"We were in despair. We had flown halfway around the world to carry out this operation and everything depended on what happened in the next few seconds."
Walshe, who was 21, and Smith were among a remarkably diverse group of white activists - electricians, engineers, a telephonist, a seaman and several students from the London School of Economics (LSE) - recruited to travel to South Africa on a range of short missions in the 60s and 70s. Armed with toy tarantulas, fireworks and plastic buckets, they aimed to send the message that the ANC was still alive.
The mastermind was LSE student Ronnie Kasrils, who later served as a minister in the governments of Nelson Mandela and Thabo Mbeki.
This motley group of men and women, all now in their 60s, have spent the past week in South Africa being feted by the ANC, and have emerged as unsung heroes of the struggle against apartheid.
They are on a book tour to promote The London Recruits, which charts their covert exploits between 1967 and 1971 to revive resistance to apartheid in South Africa when the racist regime had jailed all the ANC's top leaders, including Mandela.
The apartheid regime thought it had stamped out resistance for good.
Mandela was in jail for life, having been convicted with the rest of the top leadership in 1964. Other senior figures had gone into exile.
Kasrils said: "The late 1960s were the bleakest period of the struggle against apartheid. The underground networks had been crushed, we had ceased to exist and the masses were intimidated.
"We needed to get a message of hope to the remnants of the movement and to the South African people. The London recruits filled a void right up until 1972 when the underground was rebuilt again."
Ken Keable, a 67-year-old electrical engineer who edited the book, said: "I had 1200 letters in a false-bottomed suitcase and had to go to the post office, buy 1200 stamps and post them all round Johannesburg.
"They were letters of encouragement to the Indian community, which the apartheid government was trying to divert from the struggle.
"We were protected by our white skins," said Keable, who was deeply shocked at the racial injustices he found. His next assignment, in 1970, was to plant the leaflet bombs.
As the buckets went off in strategic commuter sites, cassette recorders played messages, beginning "This is the voice of the ANC" and including songs by the ANC London choir.

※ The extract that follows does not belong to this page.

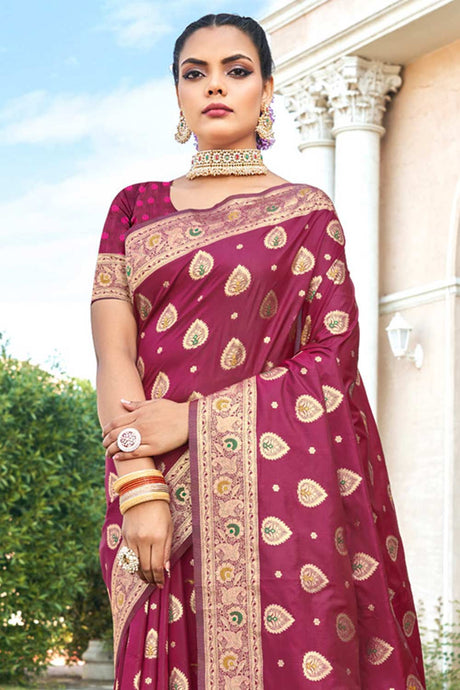 Wine Banarasi Silk Woven Saree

"The London recruits set off leaflet distribution devices in five cities every year between 1967 and 1971."
Sean Hosey and Alex Moumbaris were both captured. Some of the London recruits were active into the 1980s, including the owners of Africa Hinterland, a tourist company whose owners, over several years, carried an estimated 40 tonnes of weapons for the ANC in the floor of an overland vehicle. The story has been made into a film, Secret Safari.
Keable says the book is a call for greater international solidarity. "All the London Recruits could have said apartheid is wrong but it's not my problem, but none of them did. International solidarity is something we need more and more of now, for the people of Palestine or for the people of Saudi Arabia."
Walshe echoes his call but has not forgotten his other priority during his upcoming four-week holiday - finding the hotel maid.
"She was about our age and black. Pete and I were so shocked when she came across us in the hotel room that all we could think to do was the ANC salute. We were supposed to be as white as can be.
"We were not supposed even to talk to any black people during our visit. Instead we told her everything and our operation grew from two people to three. We said goodbye with a kiss, which was about as illegal as you could get in those days. I would love to meet her again."